成形体の均一性にペレットの均一性が影響を及ぼすことが意外と知られていない。高分子の混練技術の目的に成形体の均一性を実現できるコンパウンドの提供という項目があることをご存知ないコンパウンドメーカーも存在する。


これは絶縁体である高分子にカーボンなどの導電体をブレンドし半導体シートあるいは半導体ベルトを製造して平面の表面比抵抗を数点計測して確認できる。


コンパウンド段階で電気特性が均一であると、押出成形あるいはインフレーション成形を行ったときにシートなりベルトの面内の電気特性が均一となる場合が多い。


ここで、コンパウンドの電気特性が均一ならば確実に成形体で均一になるとは限らないことに注意する必要がある。
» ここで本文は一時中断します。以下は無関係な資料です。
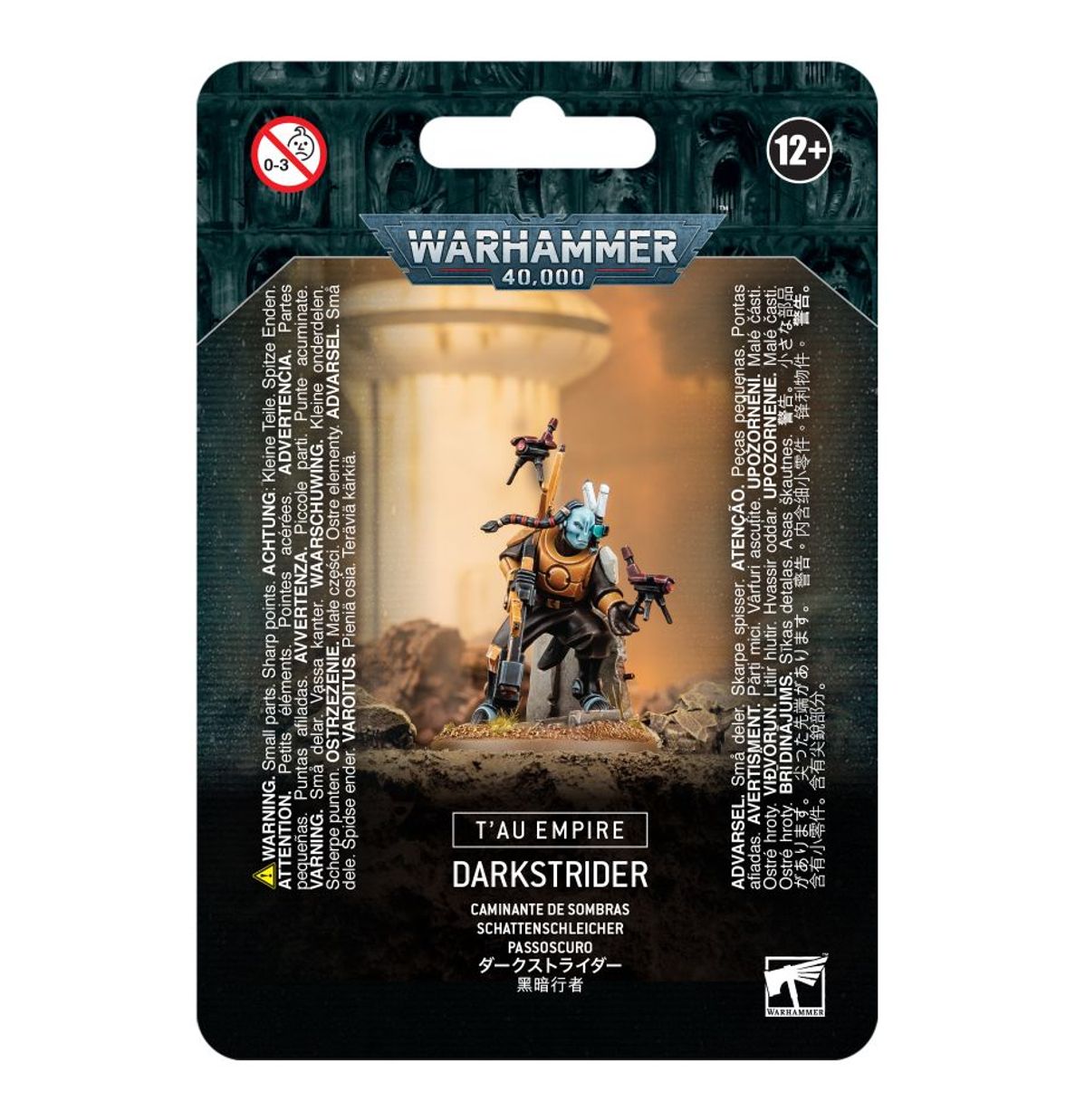 40K - T'AU EMPIRE: DARKSTRIDER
パーコレーション転移という現象が起きるためだ。


すなわち、コンパウンドの電気特性を均一にしただけでは不十分で、パーコレーションが安定化されていることも要求される。


パーコレーション転移については後日説明するが、混練技術の重要性を示す現象の一つが半導体高分子の成形プロセスで起きる。半導体シートや半導体ベルトを製造するときに、コンパウンドの電気特性が不均一であると電気特性を均一化できないことを知っておいてほしい。
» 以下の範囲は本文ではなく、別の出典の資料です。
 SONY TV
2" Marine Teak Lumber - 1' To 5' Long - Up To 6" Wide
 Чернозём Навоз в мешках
ただし、コンパウンドの電気特性についてどこまで均一性とパーコレーションの安定性を実現すべきかは、求められる成形体の電気特性により変化する。


コンパウンド段階で10%程度のばらつきがあっても成形体で5%程度のばらつきに抑えることも可能である。このあたりはコンパウンドの配合設計にも依存する難しい問題である。ただ、成形体の均一性に混練技術が影響することを知っておいてほしい。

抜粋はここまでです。